- _Source information_
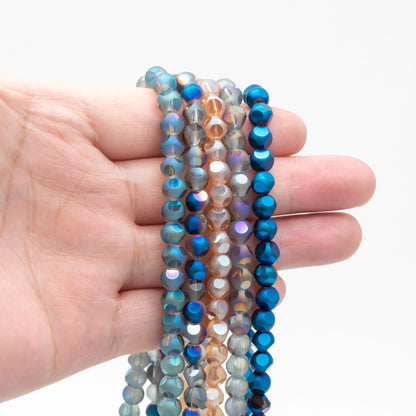 Frosted Faceted Round Glass beads 6mm, (GM-023)/ 100 beads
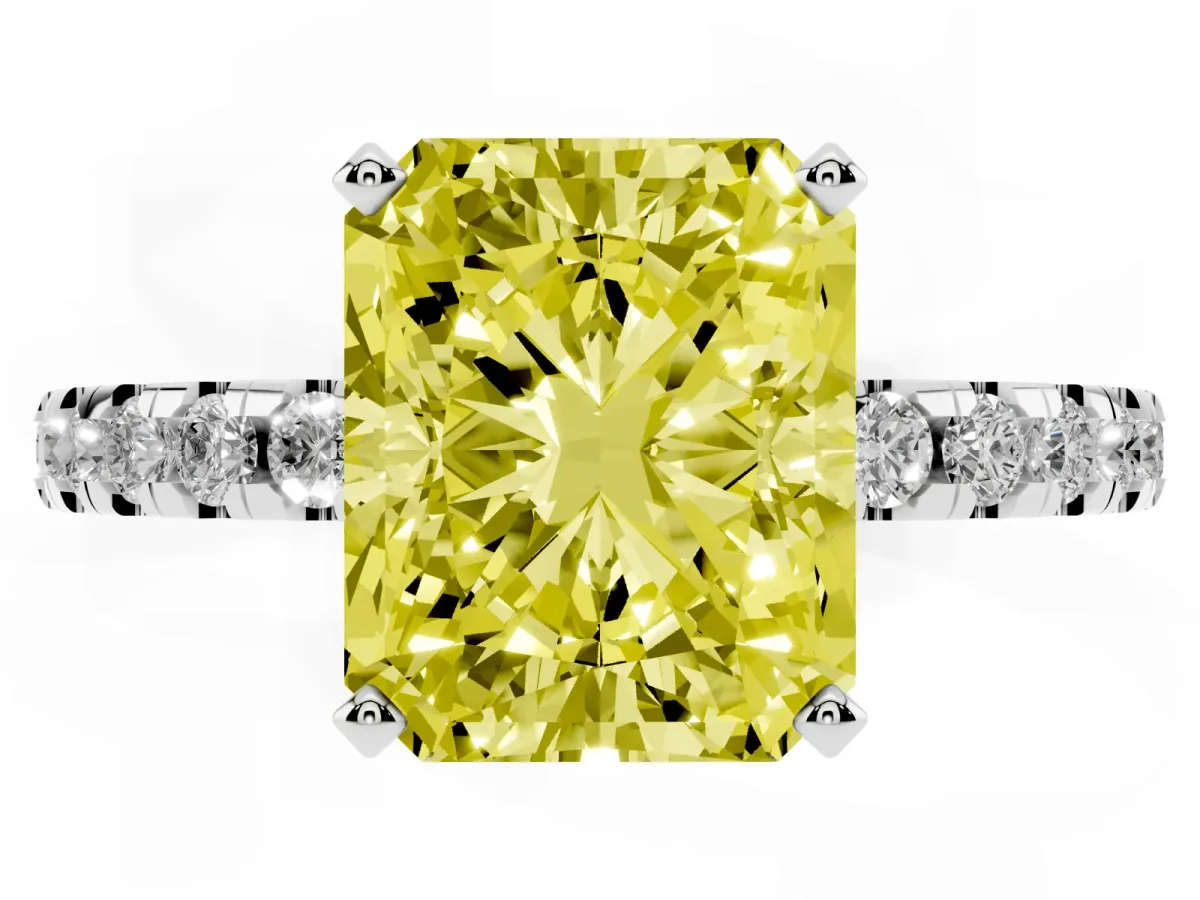 Fancy Yellow Radiant Cut Diamond Solitaire Ring with Round Pavé Band and Four-Prong Setting Silver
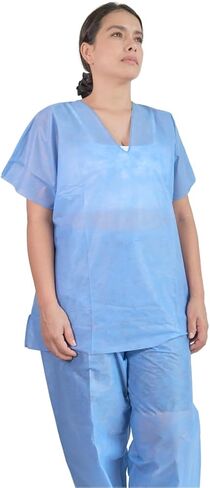 20 Pcs Disposable Scrub Set – 10 Pants + 10 Shirts | Medical Uniform | For Hospital, Clinic & Lab | Unisex One-Size, Adult in Saudi Arabia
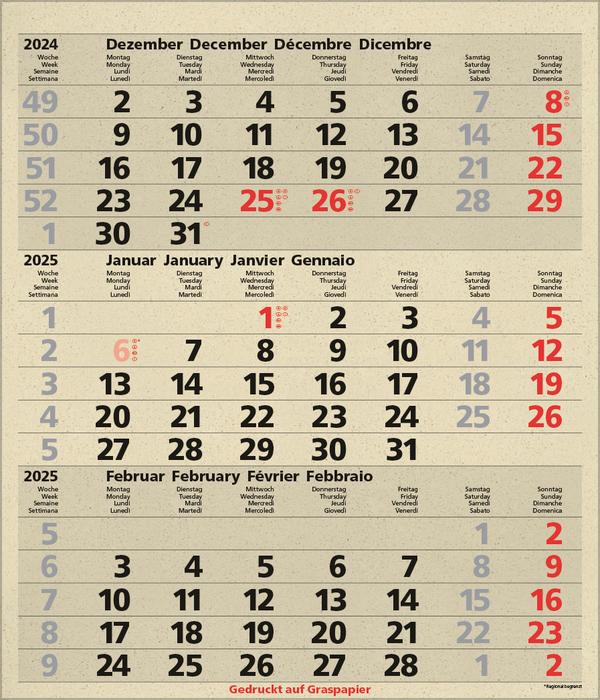 Bild: 9783731880646 | 3-Monats-Planer Comfort Graspapier 2025 | Verlag Korsch | Kalender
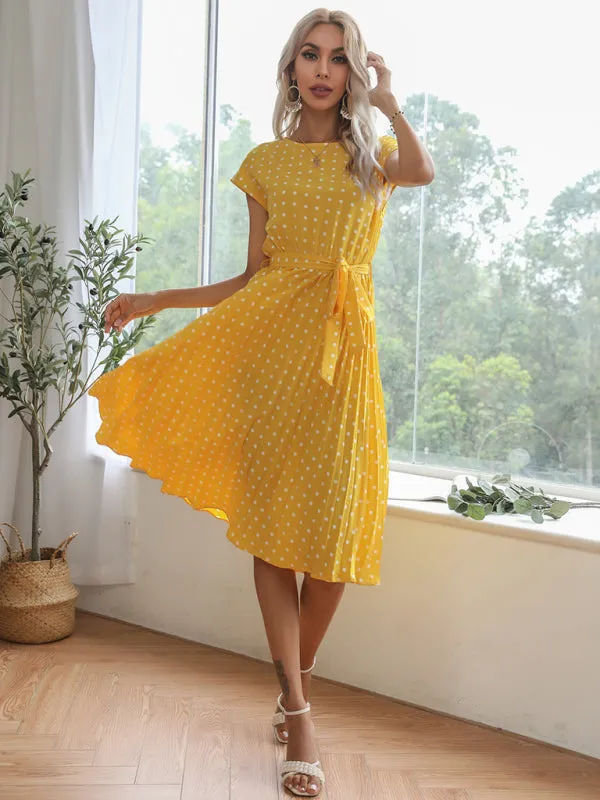 Polka Dot Midi Dress with Pleats and Waist Tie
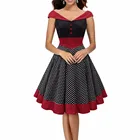 $21.96! 2017 High Quality Vintage V-neck patchwork tunic ball gown dress women summer dress casual party 50s 60s dresses robe vestidos Cheap 2017 High Quality Vintage V-neck patchwork tunic ball gown dress women summer dress casual party 50s 60s dresses robe vestidos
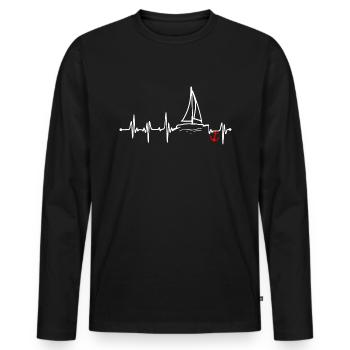 SAILING - Heartbeat - Water Sports - Men's Premium Organic Long Sleeve Shirt - black - Front - Nico (187cm)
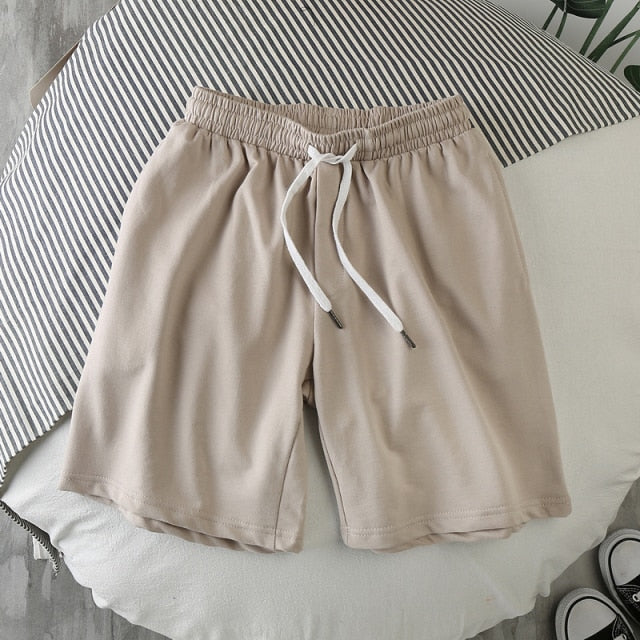 Solid Summer Fashion Casual Men's Sports Shorts Street Wear Fashion Men's Pants Drawstring Breath Board Shorts Male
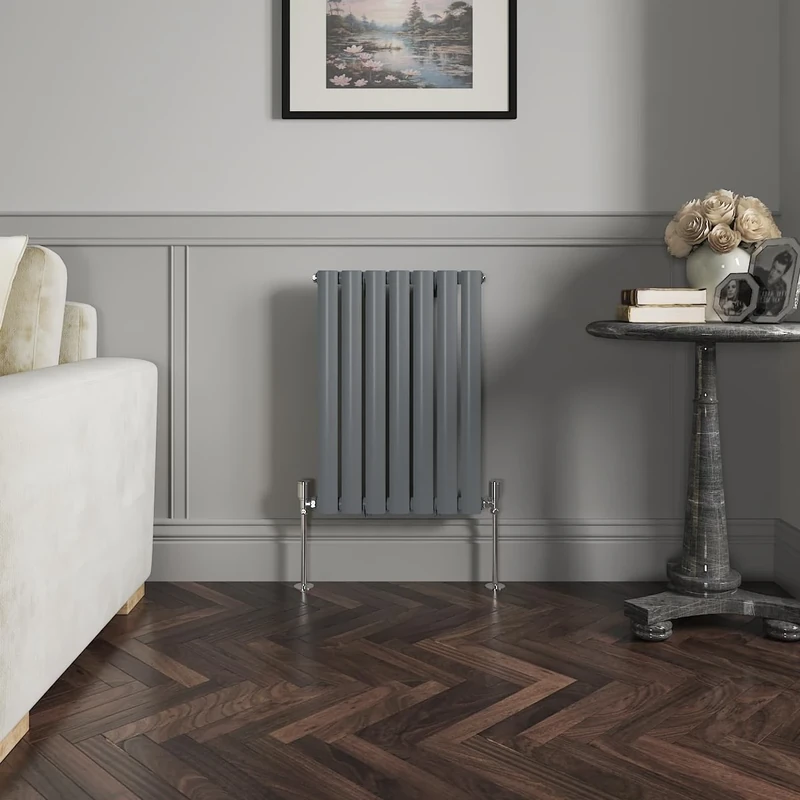 NRG 600 x 413 mm Horizontal Column Radiator Anthracite Single Oval Panel | Designer Radiator Bathroom Central Heating | with One Pair of Free Modern Angle Valves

- _Work instruction_
Beginning with the line that contains "Bild: 9783731880646 |" and ending with the last line of the data, restate each line word for word. Exclude the pictures.

- _Answer to the problem_
 Bild: 9783731880646 | 3-Monats-Planer Comfort Graspapier 2025 | Verlag Korsch | Kalender
 Polka Dot Midi Dress with Pleats and Waist Tie
 $21.96! 2017 High Quality Vintage V-neck patchwork tunic ball gown dress women summer dress casual party 50s 60s dresses robe vestidos Cheap 2017 High Quality Vintage V-neck patchwork tunic ball gown dress women summer dress casual party 50s 60s dresses robe vestidos
 SAILING - Heartbeat - Water Sports - Men's Premium Organic Long Sleeve Shirt - black - Front - Nico (187cm)
 Solid Summer Fashion Casual Men's Sports Shorts Street Wear Fashion Men's Pants Drawstring Breath Board Shorts Male
 NRG 600 x 413 mm Horizontal Column Radiator Anthracite Single Oval Panel | Designer Radiator Bathroom Central Heating | with One Pair of Free Modern Angle Valves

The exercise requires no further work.